Greenfield projects spell red ink for financiers
(This article was first published in The Australian on Friday, 17 February 2017)
The federal government has announced that the Western Sydney Airport at Badgerys Creek is going ahead. That’s great — it’s needed and will benefit a whole host of stakeholders. But who’s going to pay for it?
Major greenfield airport developments come with significant upfront construction and operational costs and the use of the available capacity which generates vital revenue flow builds slowly over time.
It’s demand based economic infrastructure and there will be plenty of banks and investors who will remember the pain that developing and operating such infrastructure can entail. Think of some other recent high profile Australian demand-based infrastructure projects — all those tunnels; Cross City, Lane Cove, North South Bypass, Airport Link. For the original financiers and investors, it didn’t end well.
So why does a greenfield airport project present similar characteristics to these failed projects? To borrow from the movie Field of Dreams, “if you build it they will come”. In the case of the Western Sydney Airport — that’s almost certain to be true at some point, but the difficulty is, you don’t know exactly when they will come, you don’t know how many of them will come and you don’t know how much they will be prepared to pay when they do come.
That leads to uncertain revenue projections and revenue flows in the early years of the airport’s operations. This in turn means that project finance, which is generally competitively priced bank debt used for funding major projects, can be very difficult to attract for greenfield demand based economic infrastructure projects. The banks will have a quite legitimate concern that there may not be sufficient revenues available in the early years of the airport’s operations to meet debt service obligations. When that happens the same default scenario presents as was the case confronted by the tunnel projects noted earlier.
Equity is expensive so the more reliant you are on equity, the greater the cost to the project and drain on available revenues. It is only part of the answer. Bonds can be good but bond holders are likely to have similar concerns to the banks and best of luck getting an IPO away to develop a demand based economic infrastructure project.
If recent pronouncements are of substance, it is probably also a reasonably educated guess to assume that Sydney Airport Corporation will not exercise its option to develop the new airport. Corporates and institutions who have the balance sheets to directly fund the development would not be prepared to accept the development risk associated with the early years of the project.
We have seen from other major airport developments that the main users of the new airport — the airlines which in this case, based on recent comments by Alan Joyce, are likely to be low cost carriers such as Jet Star and Tigerair — are very unlikely to make any long term commitments as to usage and an associated payment to support upfront development costs.
And if the Western Sydney Airport is positioned as an airport for use predominantly by low cost carriers, there is also another characteristic of such airports — passenger spend is usually less per head than that at airports servicing full service carriers. All of this leads to a funding headache for the Western Sydney Airport.

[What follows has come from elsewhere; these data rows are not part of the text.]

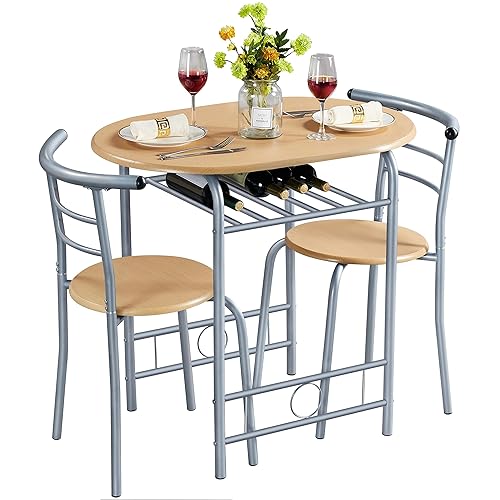 Yaheetech 3 Piece Compact Dining Room Set, Dining Table & Chairs Set for 2, Breakfast Bar Table Set with Metal Legs and Built-in Wine Rack for Small Space/Apartments/Kitchen, Natural, 80x53x75.5cm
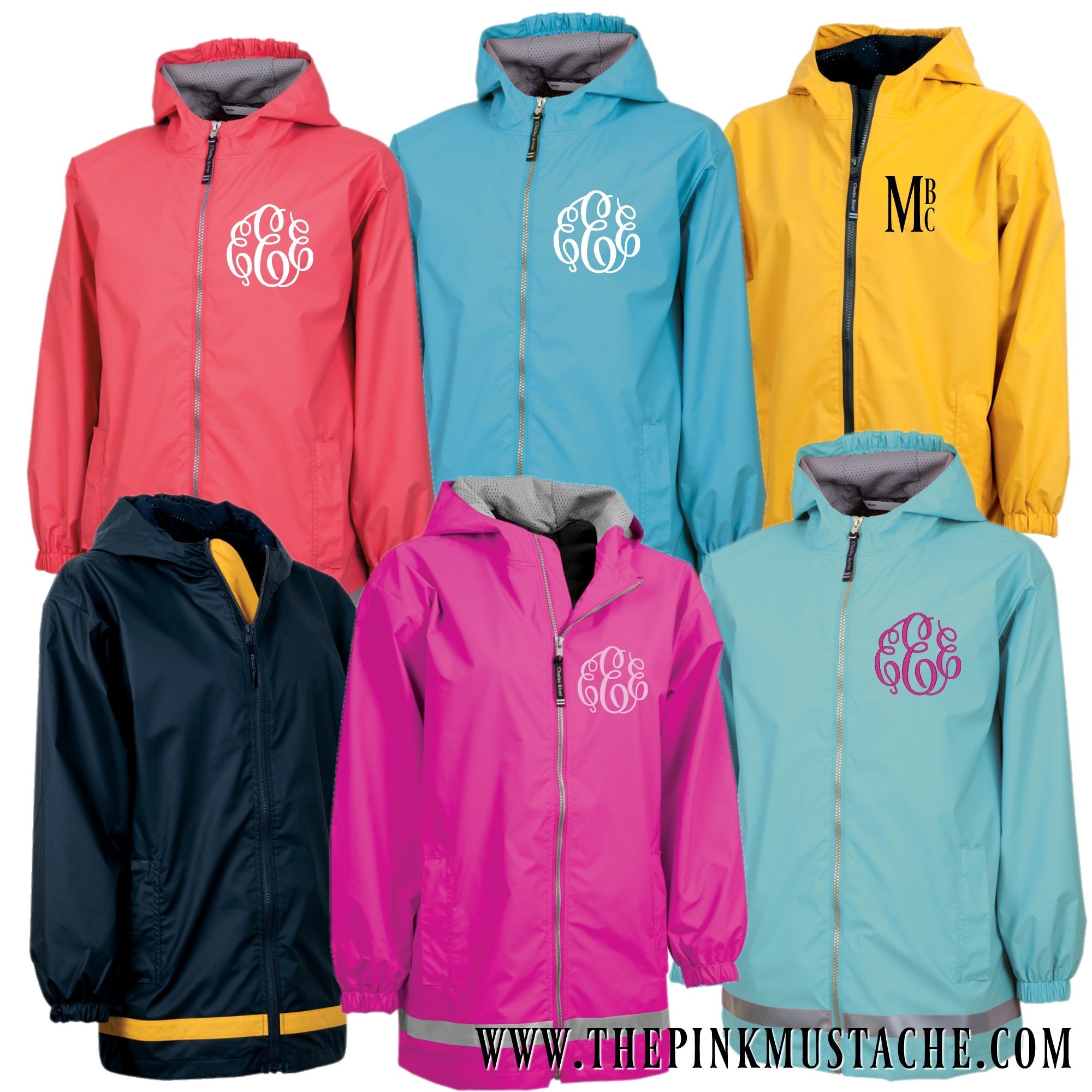 Charles river youth hot sale monogrammed rain jacket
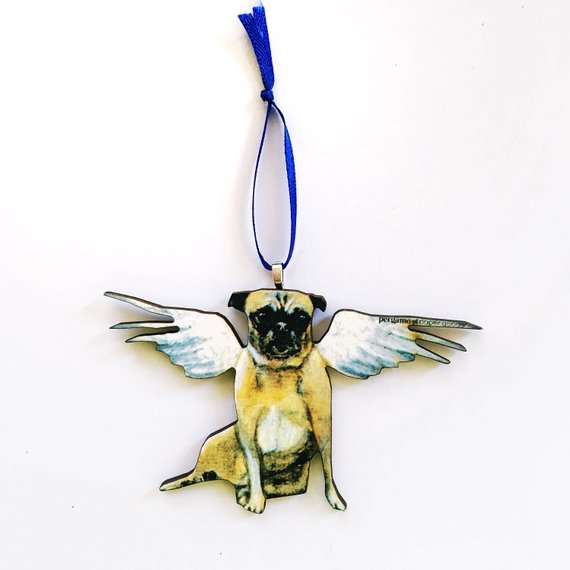 Handmade Angel Pug Christmas Ornament - USA Crafted Holiday Tree Decoration for Pet Lovers & Pug Owners - Perfect for Xmas Gifts, Home Decor & Festive Celebrations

So where to from there? There is bipartisan support for infrastructure spending which stimulates economic activity and boosts productivity. The Western Sydney Airport is critical infrastructure that needs to be built. Once the airport has been developed and has operated for a sufficient period of time, the funding picture and the institutions that would be prepared to take an ownership stake is likely to change.
For example, many of the major superannuation and pension funds are likely to be at the head of the queue. To reach this point, there is a case to be made for government funding or underwriting of some or all of the initial development costs. The initial development could take place in stages — runway and terminal for example with the broader precinct to follow, on the understanding from the outset that the asset and/or key operating rights would be sold down to recover the government’s development or underwriting costs.
There are a host of combinations of development, funding and operating models available involving government and private sector participation which would achieve the desired outcomes. Some may also include direct or indirect assistance from the state government. What is clear is that once the usage profile and revenue generated by the airport has been reliably established, a significant payday would likely await the government upon sale with key transport infrastructure assets currently attracting multiples as high as 25 times EBITDA. Jeremy Prentice is a partner at global law firm K&L Gates where he specialises in airport and port developments.